The 2004 data appears in two forms: one marked as valid and another flagged as ‘Original assessment format.’ The flagged data has missing scores (noted as ‘‡’), likely due to differences in assessment methodology during a transition year. This analysis includes only the standardized scores for 2004 and excludes flagged data to maintain consistency.

2.2.2.2 Gender

Once again, there is data for every 4 years starting from 2004, with the exceptions of missing 2016 data and data in 2022, just two years after data was collected for 2020. The dataset does not include any flagged entries indicating that reporting standards were met for all listed years.

2.2.2.3 National School Lunch Program

[1] "Total number of missing values in the lunch program dataset: 30"

Again, starting every 4 years from 2004, data is only missing for 2016.

This data includes 30 flagged entries (-) from 1971-1999, indicating that information is not available. These were excluded from the analysis.

2.2.2.4 Race Ethnicity

[1] "Total number of missing values in the race dataset: 15"

Similar to the graph for mathematics data for race, the special characters indicating missing values appear at the bottom of the y axis. Data is missing again 2016. There are 15 missing score entries in this dataset, mainly (‡) values. These are most commonly seen for “American Indian or Alaska Native” and “Unclassified” categories, likely due to insufficient sample sizes.

2.2.2.5 School Region

[1] "Total number of missing values in the region dataset: 56"

Interestingly here, the ‘DoDEA International’ category has fully missing data, as we can see from the special character on the y axis mapping to that category for every year. As this is also the case for the mathematics data, including this cateogory will probably not be helpful in our analysis. Data for 2016 is missing again.

The dataset contains two types of missing values for the Average scale score column: the special characters “—” and “‡”. Both represent missing data and are not included in the analysis.

2.2.2.6 School Location

[1] "Total number of missing values in the location dataset: 48"

Unlike some previous variables, data for this variable is missing for 2004 as well as 2016. There are 48 missing values in the Average scale score column starting for earlier years including 1971-2004. #### Status as English Learner

[1] "Total number of missing values in the English Status dataset: 22"

Data is missing only for 2016. A total of 22 missing average scale score values exist in the dataset, and these gaps mostly correspond to earlier years where data might not have been reported or was unavailable.
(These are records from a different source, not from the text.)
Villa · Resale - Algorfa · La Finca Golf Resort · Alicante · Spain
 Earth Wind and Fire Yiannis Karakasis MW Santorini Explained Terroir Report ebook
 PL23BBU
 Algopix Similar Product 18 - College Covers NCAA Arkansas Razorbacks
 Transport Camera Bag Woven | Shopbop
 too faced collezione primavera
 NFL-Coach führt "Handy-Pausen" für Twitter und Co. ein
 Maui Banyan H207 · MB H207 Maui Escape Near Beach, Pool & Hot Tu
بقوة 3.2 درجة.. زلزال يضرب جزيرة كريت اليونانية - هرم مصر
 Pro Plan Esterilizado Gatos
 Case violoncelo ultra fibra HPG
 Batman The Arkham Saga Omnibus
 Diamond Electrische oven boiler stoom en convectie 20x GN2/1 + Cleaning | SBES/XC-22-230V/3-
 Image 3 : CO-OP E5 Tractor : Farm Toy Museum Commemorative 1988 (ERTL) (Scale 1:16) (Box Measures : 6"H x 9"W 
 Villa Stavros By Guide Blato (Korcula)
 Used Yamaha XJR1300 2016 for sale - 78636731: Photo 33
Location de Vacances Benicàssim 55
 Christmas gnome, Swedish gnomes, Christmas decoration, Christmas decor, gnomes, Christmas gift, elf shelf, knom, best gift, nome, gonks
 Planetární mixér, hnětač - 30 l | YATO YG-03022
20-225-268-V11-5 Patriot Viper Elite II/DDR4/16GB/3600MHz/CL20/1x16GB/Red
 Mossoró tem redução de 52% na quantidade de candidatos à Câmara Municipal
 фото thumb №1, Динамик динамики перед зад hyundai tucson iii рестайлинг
Overall, the data availability across these datasets is generally strong, with most datasets exhibiting consistent reporting over multiple years. Missing values are typically encountered in earlier years suggesting that data collection methods or reporting standards may not have been as consistent in those periods.

Some datasets, like the gender or region datasets, show almost complete data coverage, while others (e.g., the 2016 year in some datasets) have isolated instances of missing values. In general, the data is reliable for trend analysis, though attention must be given to specific years or categories with missing values to ensure proper handling in analyses.